Exercise instructions
Look through the data below and output, unchanged, every line from the one holding "Well worth a" through the one holding "Assalamualaikum everyone. In", inclusive. Skip the pictures.

Task data
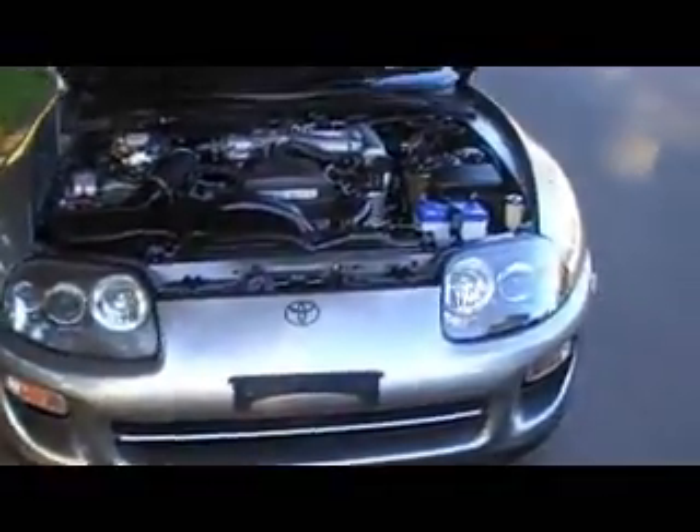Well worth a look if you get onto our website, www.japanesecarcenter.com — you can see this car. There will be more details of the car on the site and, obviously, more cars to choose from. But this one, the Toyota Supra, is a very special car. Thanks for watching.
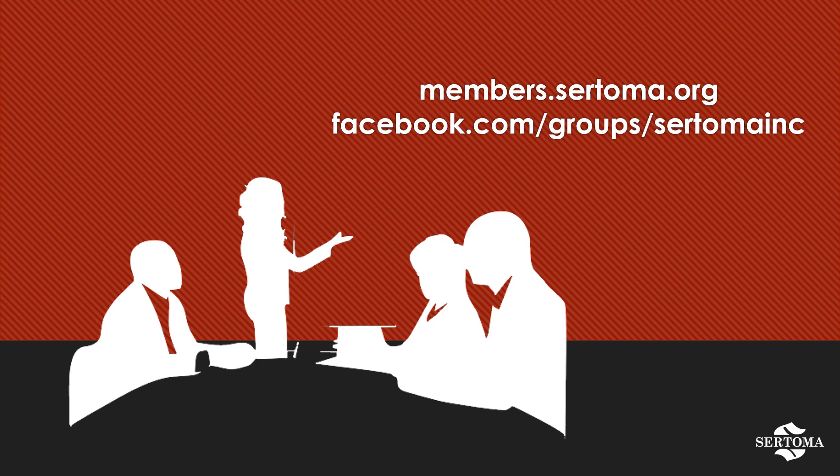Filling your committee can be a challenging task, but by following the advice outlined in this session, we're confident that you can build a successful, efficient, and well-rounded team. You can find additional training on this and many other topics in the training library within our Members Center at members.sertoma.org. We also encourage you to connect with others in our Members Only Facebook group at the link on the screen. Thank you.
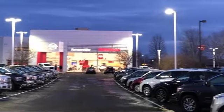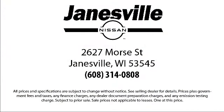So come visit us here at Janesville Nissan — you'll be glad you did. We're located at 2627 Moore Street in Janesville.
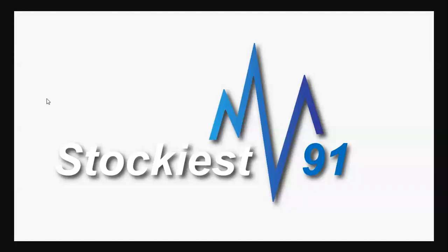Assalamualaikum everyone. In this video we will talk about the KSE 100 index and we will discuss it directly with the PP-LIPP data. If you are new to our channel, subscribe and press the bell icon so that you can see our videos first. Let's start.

--

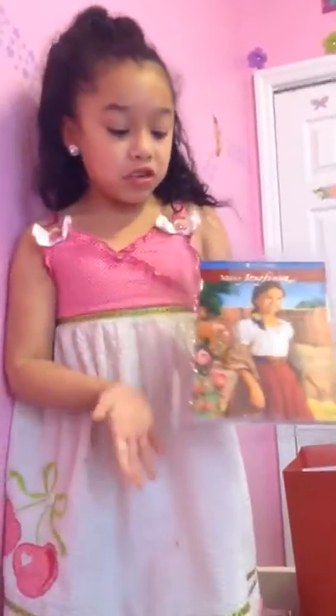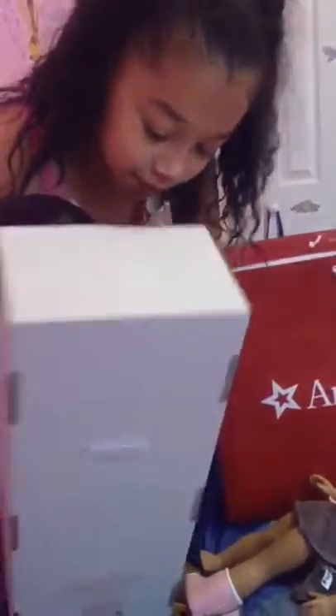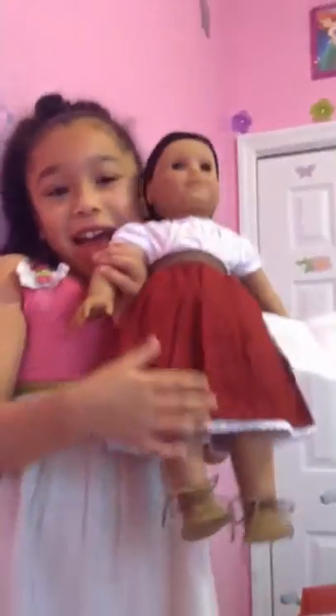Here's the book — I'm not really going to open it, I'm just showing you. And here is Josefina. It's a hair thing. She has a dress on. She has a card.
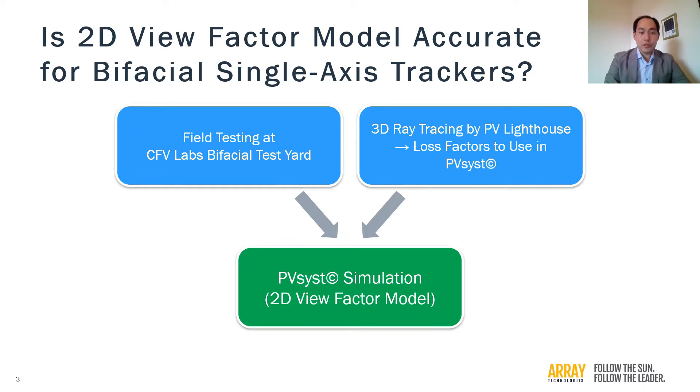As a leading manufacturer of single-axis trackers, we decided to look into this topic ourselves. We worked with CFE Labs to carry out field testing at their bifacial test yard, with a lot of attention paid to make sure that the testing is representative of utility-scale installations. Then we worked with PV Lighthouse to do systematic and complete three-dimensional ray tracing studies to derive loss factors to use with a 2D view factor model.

==

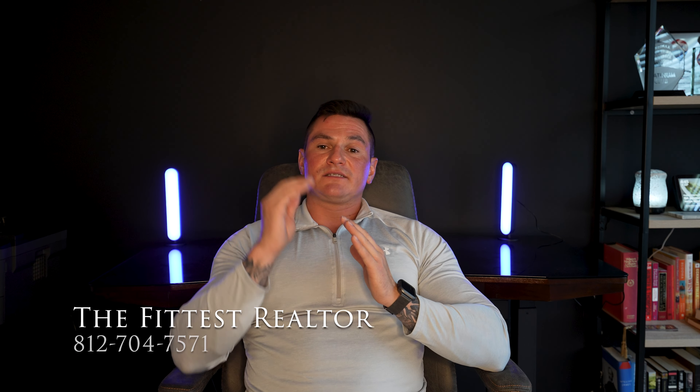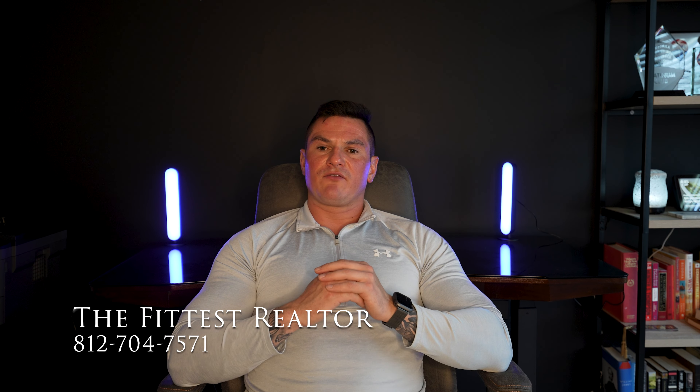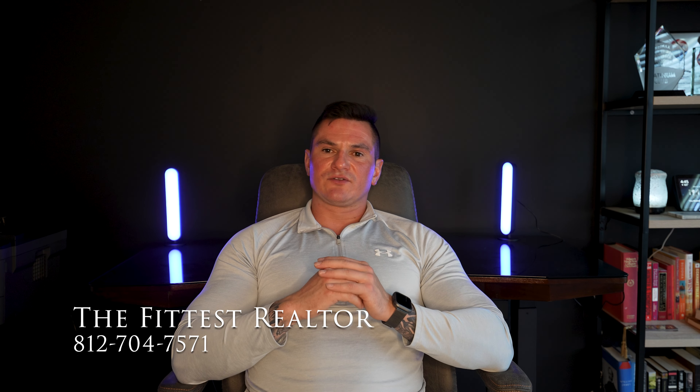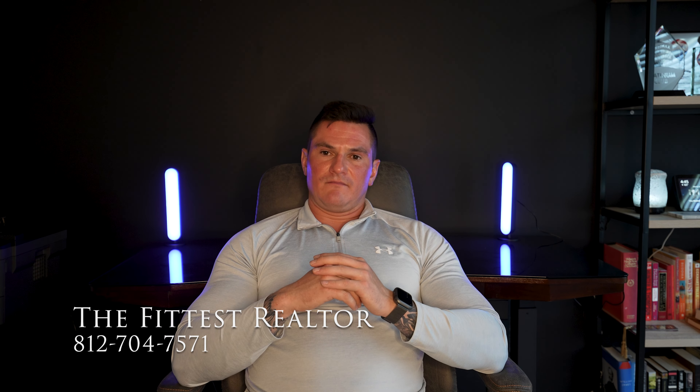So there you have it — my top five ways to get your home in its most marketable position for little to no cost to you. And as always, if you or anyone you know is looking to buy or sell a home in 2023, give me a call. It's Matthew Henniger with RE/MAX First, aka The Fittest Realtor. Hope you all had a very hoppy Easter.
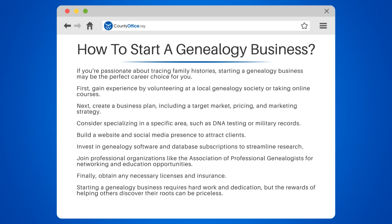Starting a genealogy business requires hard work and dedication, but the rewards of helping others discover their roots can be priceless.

Expected answer
Well worth a look if you get onto our website, www.japanesecarcenter.com — you can see this car. There will be more details of the car on the site and, obviously, more cars to choose from. But this one, the Toyota Supra, is a very special car. Thanks for watching.
Filling your committee can be a challenging task, but by following the advice outlined in this session, we're confident that you can build a successful, efficient, and well-rounded team. You can find additional training on this and many other topics in the training library within our Members Center at members.sertoma.org. We also encourage you to connect with others in our Members Only Facebook group at the link on the screen. Thank you.
So come visit us here at Janesville Nissan — you'll be glad you did. We're located at 2627 Moore Street in Janesville.
Assalamualaikum everyone. In this video we will talk about the KSE 100 index and we will discuss it directly with the PP-LIPP data. If you are new to our channel, subscribe and press the bell icon so that you can see our videos first. Let's start.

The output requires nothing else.